Nell’ultimo pezzo del disco, “Vestiti sporchi”,  parli della gioventù di oggi, che ha perso i valori e il rispetto verso le persone più grandi. Com’è nata questa canzone?

“Qesta canzone a differenza di altre è nata proprio da una necessità, da un sentimento reale. Se una volta le cose mi scivolavano addosso ora mi toccano più da vicino, sono forse anche più intollerante. Sono sempre in contatto coi giovani, anche via social, e spesso mi chiedo: perché fanno certe cose, non hanno più rispetto, non hanno più valori? Questo accade sui social come in strada. Quando ero ragazzino mi sentivo a disagio nel rispondere alle persone più grandi, perché la loro esperienza di vita era tale che mi schiacciava. Oggi questo non succede più. Il web ha finito per avvicinare tutti,  giovani e adulti, e questo ha portato a eliminare certe distanze e un ragazzino si permette di mandare a quel paese una persona che ne sa più di lui. Questa non è libertà di pensiero, è libertà di far sapere a tutti quanto sei stupito. E poi vedo che i ragazzi sono demotivati, non hanno più la voglia di conquistarsi le cose, anche il rapporto con le ragazze è cambiato, non c’è più il corteggiamento. Storicamente quello di oggi è secondo me il periodo peggiore per l’intelligenza umana; una volta l’uomo era forse meno colto, aveva meno mezzi, ma era più intelligente. Se ci si pensa, le ultime vere scoperte, il computer, il telefono, sono degli Anni Novanta: a parte lo sviluppo della tecnologia, cosa è stato fatto di importante negli ultimi anni? Avere tutto facilitato anestetizza l’attività celebrale. Nel lungo termine le persone diventeranno dei replicanti, come nel film Blade Runner. Questo mi fa arrabbiare tantissimo. A me piace imparare dagli altri, sentire cose che non sento tutti i giorni, ma vedo attorno a me una retromarcia continua. In Italia non esiste la lungimiranza, ci sono ad esempio tanti musicisti bravi che vengono sottovalutati. Una volta eravamo tutti più felici. Nel nostro Paese venivano gli stranieri ricchi in vacanza, adesso si è abbassata la media”.

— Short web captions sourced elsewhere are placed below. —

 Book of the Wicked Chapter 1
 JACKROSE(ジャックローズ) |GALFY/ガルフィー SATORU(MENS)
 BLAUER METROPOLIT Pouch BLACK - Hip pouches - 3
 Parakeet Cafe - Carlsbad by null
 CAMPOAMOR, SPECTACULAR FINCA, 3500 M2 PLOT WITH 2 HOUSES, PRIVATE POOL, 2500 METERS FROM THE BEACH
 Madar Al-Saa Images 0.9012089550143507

Quanto ti senti cambiato in questi anni?


“Mi sento sempre la stessa persona, un po’ più cresciuto, certo la mia vita è cambiata dal punto di vista materiale. Mi sento realizzato, perché si è avverato un sogno che avevo da ragazzino ed è andato oltre le aspettative. Inevitabilmente ci sono cose che quando non sei famoso non metti in conto, come le responsabilità, perché tutto quello che fai quando sei conosciuto viene amplificato nel bene e nel male. Non mi piace inoltre il fatto di avere delle scadenze, anche nella produzione musicale. Però sono rimasto me stesso, mi piace ancora andare al bar con gli amici, non mi sono sofisticato, mi rapporto con le persone che ho intorno nello stesso modo di prima”.

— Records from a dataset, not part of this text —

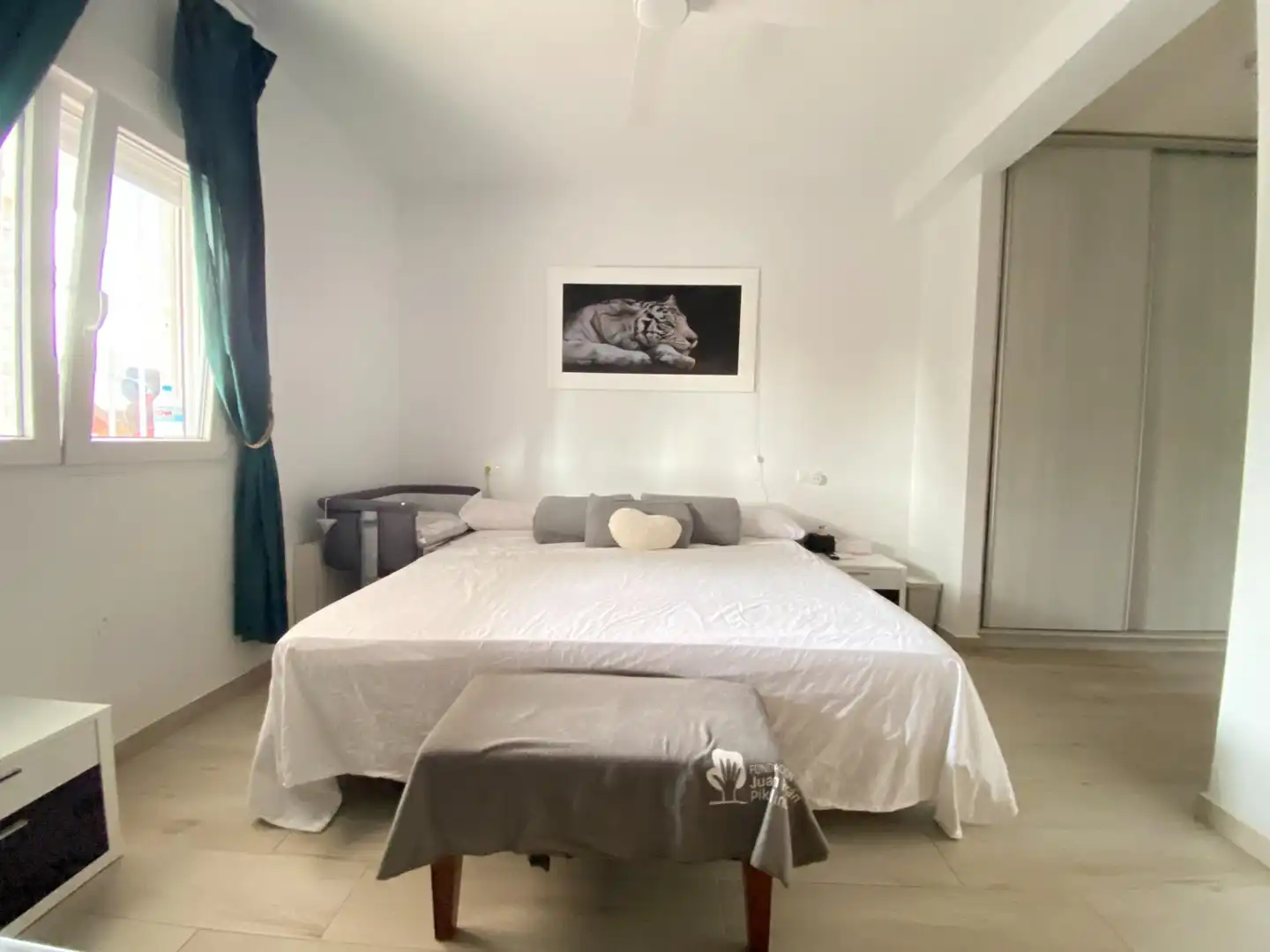 Villa mit Pool zum Verkauf in Avenida garcia lorca 27, imagen 17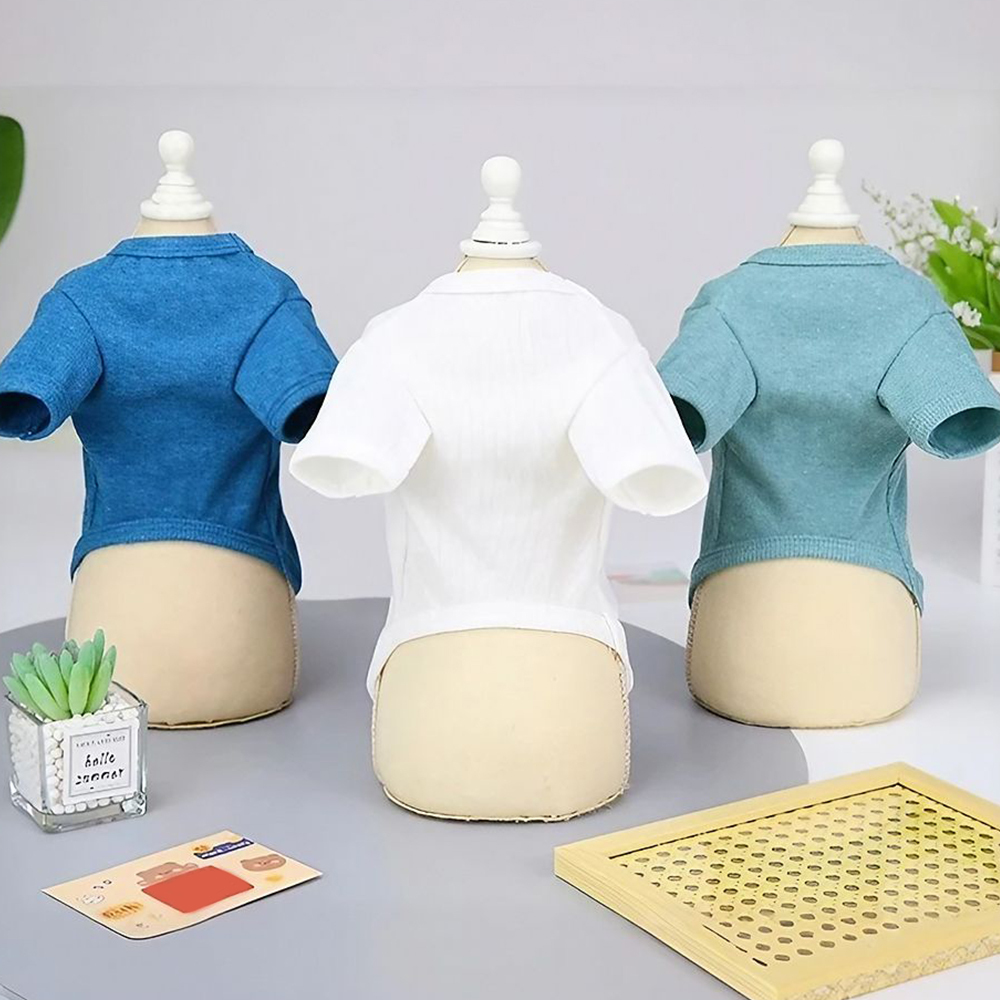 Personalized Pet Cute Comfort Shirt | BKPet178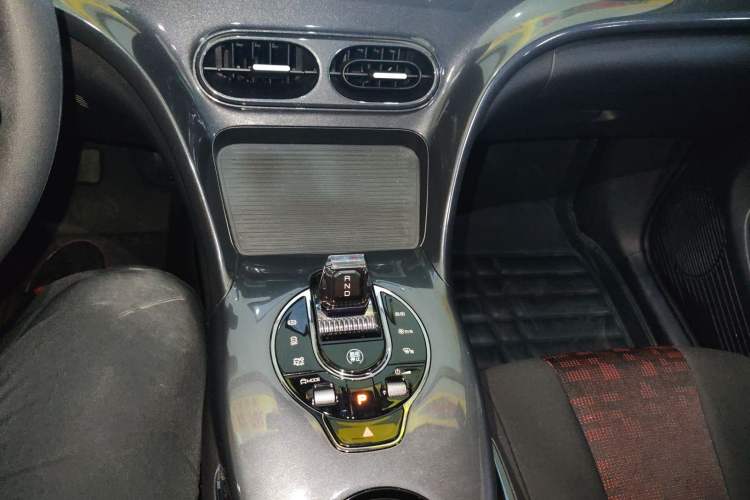 Used BYD e2 2023 Comfort Model
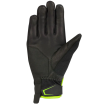 Mănuși moto BERING NASSAU BLACK/FLUO thumb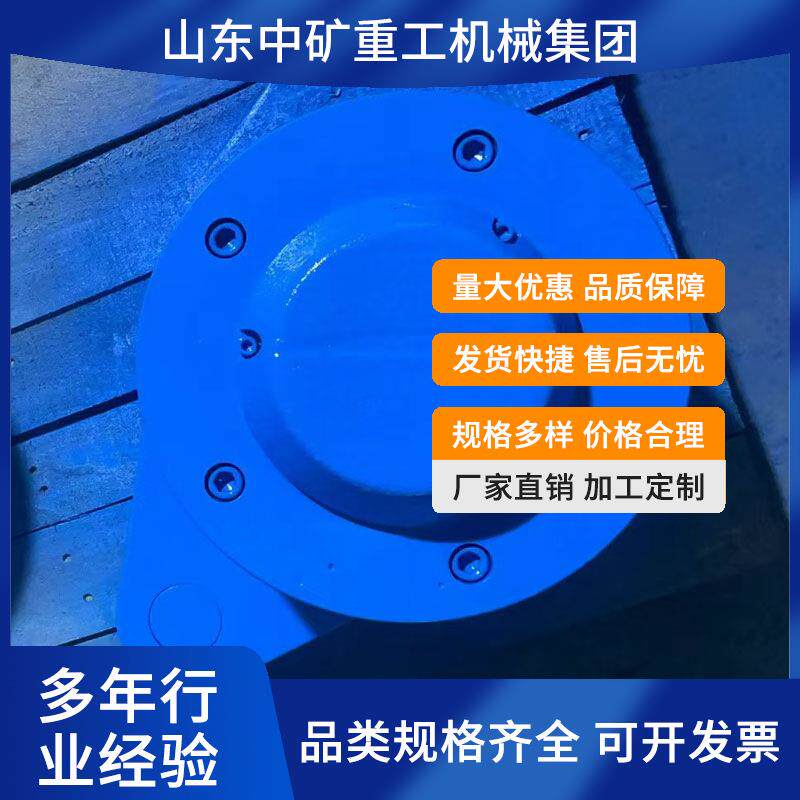 矿山输送机刮板输送机防止机器倒转 重量轻安装方便逆止器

A marzo 2017 partirà il tour (le due anteprime sono in programma il 20 marzo all’Alcatraz di Milano e il 27 marzo all’Atlantico di Roma). Hai già delle idee per il live?

“Stiamo lavorando sulle prime grafiche e sugli spunti iniziali, ma non so nulla di più. Avrei voluto iniziare il tour prima di marzo ma in realtà serve il tempo giusto per vendere i biglietti e far ascoltare il disco alla gente. Speriamo che questi mesi passino in fretta”.